For the next two questions, suppose you are interested in Coca-Cola instead of Pepsi. However, this time you do not know the sample mean for the Coke bottles you are testing.
(2) Suppose that the population standard deviation for the amount of liquid in a Coke bottle is 0.03. Suppose you take a sample of 20 bottles drawn at random whose sample mean is 1.02. Find a 90% confidence interval for the true population mean. (Hint: use normal distribution)
(3) Suppose you do not know the population standard deviation for the amount of liquid in a Coke bottle. Instead, you take a sample of 20 bottles drawn at random and find that the sample mean is 1.02 and the sample standard deviation is 0.03. Find a 90% confidence interval for the true population mean. (Hint: use Student’s t distribution)
(4) The personnel department of a business would like to estimate the family dental expenses of its employees to determine the feasibility of providing a dental insurance plan.

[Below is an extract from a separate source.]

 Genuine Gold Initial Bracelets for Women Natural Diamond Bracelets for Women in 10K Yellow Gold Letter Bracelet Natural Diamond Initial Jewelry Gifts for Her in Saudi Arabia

A random sample of 10 employees reveals the following family dental expenses (in dollars) for the preceding year:
110, 362, 246, 85, 510, 208, 173, 425, 316, 179
Find a 95% confidence interval for the population proportion of family dental expenses that are above $300 (Hint: use the Normal distribution for proportions).
(5) Suppose you are performing a blind taste test for carbonated beverages and you want to see how Dr. Pepper scores against other soft drinks. You ask people to try different soft drinks and then provide a score (out of 100) for Dr. Pepper against the other types of soft drinks. How many people would you have to survey if the mean score is to be estimated within plus or minus 2 of the true population mean when the standard deviation is 15? Use a 94% level of confidence.
(1) Suppose you are interested in estimating the actual amount of Pepsi that is placed in 2-liter bottles. Pepsi-Co has informed you that the population of Pepsi bottles is distributed normally with a mean of 2.00 liters and a standard deviation of 0.05 liters. What is the probability that that one bottle drawn at random will contain more than 2.07 liters or less than 1.97 liters?
For the next two questions, suppose you are interested in Coca-Cola instead of Pepsi. However, this time you do not know the sample mean for the Coke bottles you are testing.
(2) Suppose that the population standard deviation for the amount of liquid in a Coke bottle is 0.03. Suppose you take a sample of 20 bottles drawn at random whose sample mean is 1.02. Find a 90% confidence interval for the true population mean. (Hint: use normal distribution)
(3) Suppose you do not know the population standard deviation for the amount of liquid in a Coke bottle. Instead, you take a sample of 20 bottles drawn at random and find that the sample mean is 1.02 and the sample standard deviation is 0.03. Find a 90% confidence interval for the true population mean. (Hint: use Student’s t distribution)
(4) The personnel department of a business would like to estimate the family dental expenses of its employees to determine the feasibility of providing a dental insurance plan. A random sample of 10 employees reveals the following family dental expenses (in dollars) for the preceding year:
110, 362, 246, 85, 510, 208, 173, 425, 316, 179
Find a 95% confidence interval for the population proportion of family dental expenses that are above $300 (Hint: use the Normal distribution for proportions).
(5) Suppose you are performing a blind taste test for carbonated beverages and you want to see how Dr. Pepper scores against other soft drinks. You ask people to try different soft drinks and then provide a score (out of 100) for Dr. Pepper against the other types of soft drinks. How many people would you have to survey if the mean score is to be estimated within plus or minus 2 of the true population mean when the standard deviation is 15? Use a 94% level of confidence.